Dub nedir, Dub ne demek

Yerel Türkçe'deki anlamı:

Yalancı.

Dub hakkında bilgiler

Dub köklerini reggae müzikten alan bir Jamaika müziği olarak 1960larda doğmuştur. En basit tanımla müzikten vokallerin çıkarılması (belirli bölümlerin tekrarları hariç) ve reverb, yankı (echo) efektlerinin eklenmesiyle oluşturulan bir çeşitleme olarak yapılır. Dub müzik var olan parçaların 45'lik plakların arka yüzlerinde, genelde enstrümantal çeşitlemeler olarak sunulur. İngilizce karşılığı version ile anılan bu çeşitlemelerin karakteristik özellikleri parçanın bas ve davul bölümlerinin ön plana çıkarılmasıdır. Enstrümantal parçalarda çoğunlukla echo, reverb gibi ses efektleri kullanılarak yeni vurmalı bölümler eklenir ve vokallerin büyük bölümü ya da ana enstrümanlar kullanılmaz. Canlı performanslarda kullanılan şimşek, gökgürültüsü, kuş, su sesleri gibi efektlerle zenginleştirilen, yoğun biçimde bas frekansların kullanıldığı mixler üretilir. Bu parçalar hiphop gibi müziklerde MC olarak bilinen ve ritim üzerine uyaklı vokaller yapan solistler tarafından kullanılır, bu şekilde parçaları kullanarak yapılan vokal İngilizce'de toasting olarak, Reggea/Dub müzikte bu yöntemi kullananlar "DeeJay (DJ)" olarak adlandırılır. Plakları çalanlar diğer müziklerde olduğu gibi DJ olarak değil, selector (seçici) olarak adlandırılır. İngilizce/Afrika dili karışımı bir lehçe olarak kabul edilen Jamaikaca (İngilizce Patois'i olarak da bilinir) söylenişinde "selekta" olarak okunur.

 

Dub anlamı, tanımı

Karakteristik : Bir kimse veya nesneye özgü olan (ayırıcı nitelik), tipik. Bir logaritmanın tam birimler anlatan bölümü

Enstrümantal : Çalgısal, sözsüz. Vasıta hâli.
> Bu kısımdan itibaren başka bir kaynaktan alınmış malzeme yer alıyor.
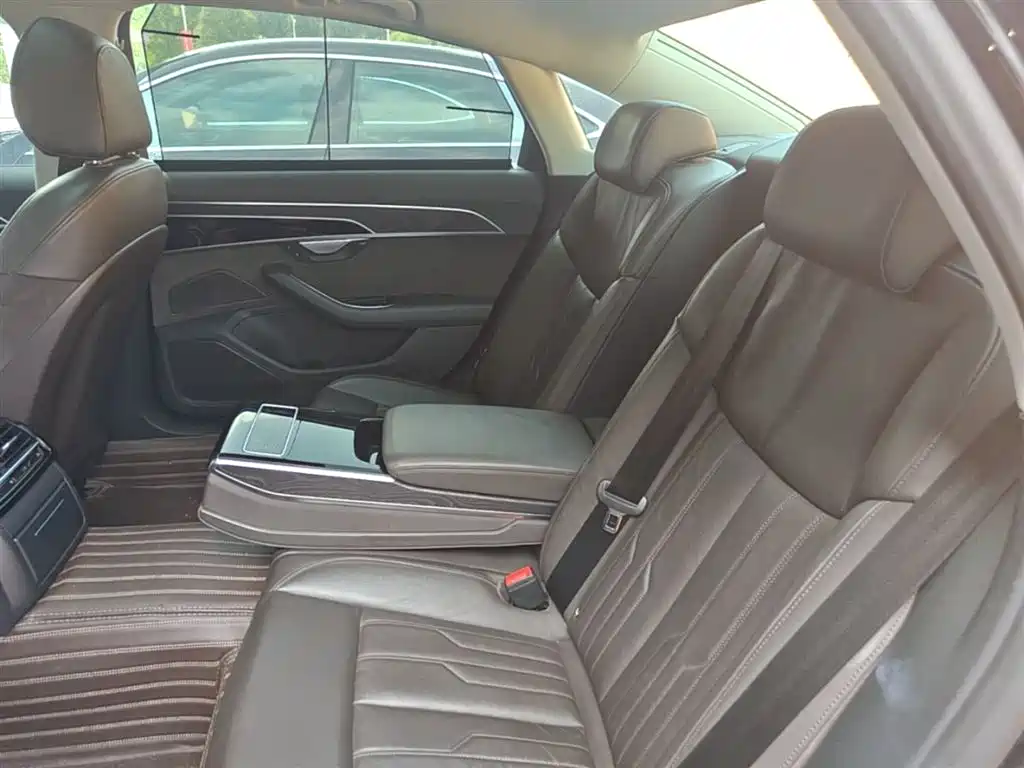 Audi A8 2018 A8L 55 TFSI quattro Launch Elite фото 17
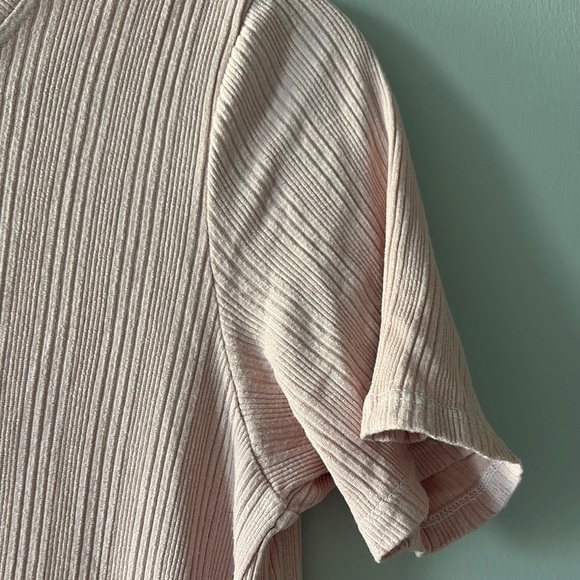 Anthropologie Pink Ribbed Fitted Short Sleeve Tee crew neckline spandex material - Picture 5 of 6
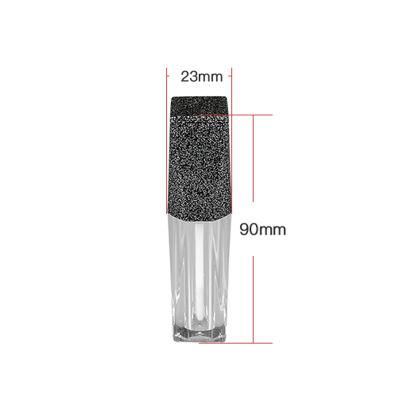 2021 Lip Gloss Tube Fashion 2.5ml Empty Plastic Lip Gloss Tube Packaging with Black Top Black Wand for Makeup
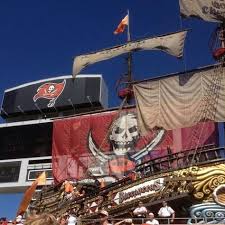 Pin By Diann Hassell On Sports Stuff Tampa Bay Buccaneers Tampa Bay Bucs Buccaneers Football
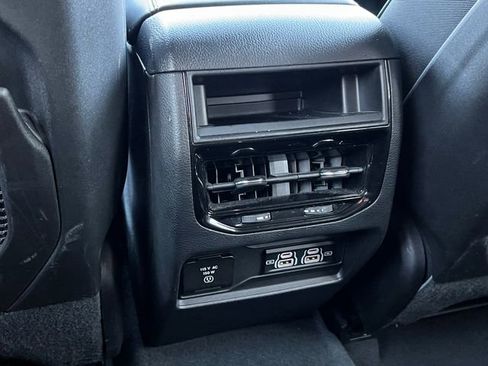 Used 2025 Jeep Grand Cherokee Altitude image 33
Çoğunlukla : Çoğunluğa dayanılarak, ekseriyetle. Genellikle.

Kullanılma : Kullanılmak işi.

Performans : Başarım.

İngilizce : Hint-Avrupa dil ailesinden, İngiltere'de, biraz farklı biçimiyle Amerika Birleşik Devletleri, Kanada, Avustralya ve İngiliz uygarlığını benimsemiş olan ülkelerde kullanılan dil, İngiliz İngilizcesi. Bu dille yazılmış olan.

Çeşitleme : Çeşitlemek işi. Farklı olma durumu, farklılık. Belli bir temayı değişik armoni, melodi ve ritimle süsleyerek yeniden çalma, varyasyon.

Enstrüman : Çalgı. Mali belge.

Çıkarılma : Çıkarılmak işi.

Arka yüz : Bir şeyin arkada kalan yüzü.

Söyleniş : Söylenme işi. Söyleyiş, telaffuz.

Çoğunluk : Sayı üstünlüğü, ekseriyet, azınlık karşıtı.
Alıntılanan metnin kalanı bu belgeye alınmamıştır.